The re2c/Lemon-based parser is designed to be more efficient and maintainable compared to the handwritten recursive descent parser in the parent directory. It achieves full compatibility with the original parser while providing better performance, especially for complex expressions with nested operations.

Components

  • lexer.re - The re2c-based lexical analyzer source file
  • lexer.c - The generated lexer code (generated from lexer.re)
  • parser.y - The Lemon-based grammar definition
  • parser.c - The generated parser code (generated from parser.y)
  • parser.h - The generated parser header
  • parser_internal.h - Internal definitions shared between the lexer and parser
  • parser_wrapper.c - Integration wrapper for the Netdata build system
  • Makefile - Build instructions for regenerating the parser

Technology Stack

re2c

re2c is a lexer generator that translates regular expressions into deterministic finite automata (DFA) and produces efficient C code. The lexer implemented in lexer.re tokenizes the input string according to the expression language grammar, handling:

  • Special literals (nan, inf)
  • Numbers
  • Variable names
  • Operators
  • Function names
  • Whitespace

Lemon

Lemon is a parser generator similar to YACC/Bison but with a different parsing technique and better thread safety. The grammar in parser.y defines the expression language syntax, operator precedence, and associativity rules.

Integration

This parser implementation can be selected by defining USE_RE2C_LEMON_PARSER in eval-internal.h. When enabled, the function parse_expression_with_re2c_lemon() is used instead of the original recursive descent parser.

Key Features

  1. Parser Generator Approach: Using specialized tools (re2c and Lemon) for lexical analysis and parsing rather than handwritten code.

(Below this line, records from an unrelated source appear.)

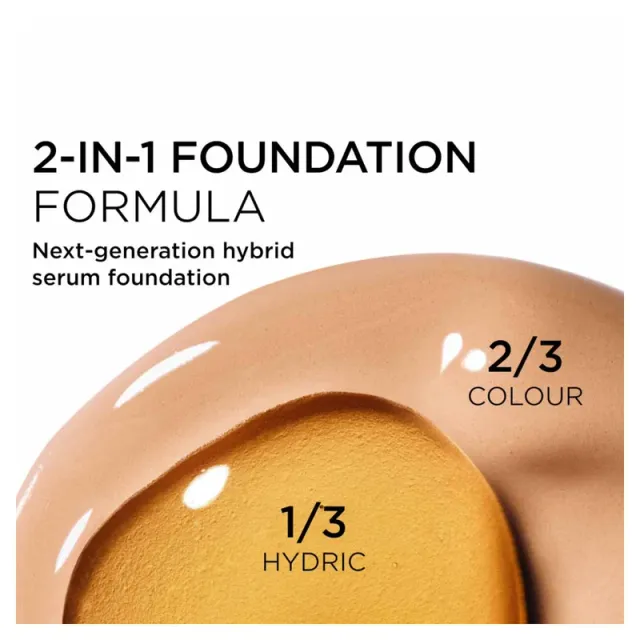 Clarins Double Serum Foundation L5N 30ml – image 2
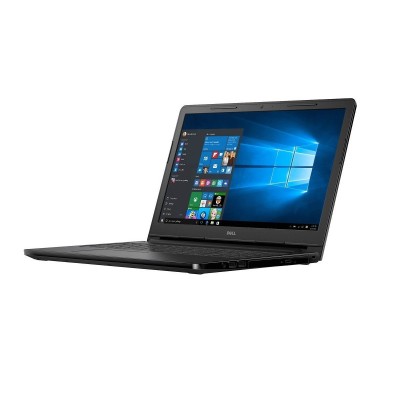 Dell Precision 3551 Laptop 15.6  Intel Core i5 10th Gen - i5-10400H  256GB SSD - 8GB RAM  - Windows 10 Pro ( Home USED )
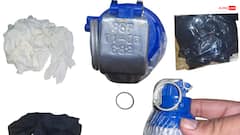 पंजाब पुलिस का बड़ा खुलासा, ISI समर्थित आतंकी मॉड्यूल का पर्दाफाश, 10 गिरफ्तार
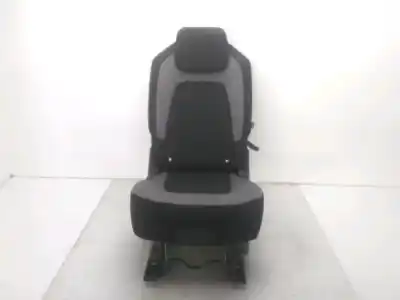 İkinci el araba yedek parçası ARKA SOL KOLTUK için CITROEN C4 PICASSO 2 MANUAL OEM IAM referansları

  2. Full Compatibility: Maintains 100% compatibility with the original parser, ensuring all test cases pass with identical results.

  3. Proper Operator Precedence: Handles operator precedence correctly, especially for complex cases like nested ternary operators.

  4. Flexible Variable Names: Supports the same variable naming rules as the original parser, including braced variables with spaces.

  5. Special Literal Handling: Properly processes special literals like NaN and Infinity in various capitalizations.

  6. Case-Insensitive Keywords: Handles logical operators (AND, OR, NOT) case-insensitively, just like the original parser.

  7. Reduced Memory Leaks: Carefully manages memory allocations to prevent leaks, especially in error conditions.

Rebuilding the Parser

If you need to modify the lexer or parser definitions, you can rebuild the generated files using:

bash
make -C src/libnetdata/eval/re2c_lemon

This requires re2c and lemon to be installed on your system.

Technical Details

Parser Notes

  • The parser builds an abstract syntax tree (AST) using the EVAL_NODE structure.
  • Operator precedence is carefully defined to match C-like languages.
  • The ternary operator (?:) is properly implemented as right-associative.
  • Error handling includes meaningful error messages and reporting of error locations.

Lexer Notes

  • The re2c lexer is implemented as a scanner that tokenizes the input string one token at a time.
  • It handles variable names with both simple syntax ($var) and braced syntax (${complex var}).
  • Special care is taken for case-insensitive handling of keywords and special literals.
  • The lexer automatically skips whitespace and handles end-of-input conditions.

Memory Management

  • Uses Netdata's memory allocation patterns (mallocz, freez, etc.).
  • Carefully tracks and frees memory in error conditions.
  • Ensures proper cleanup on parse failure.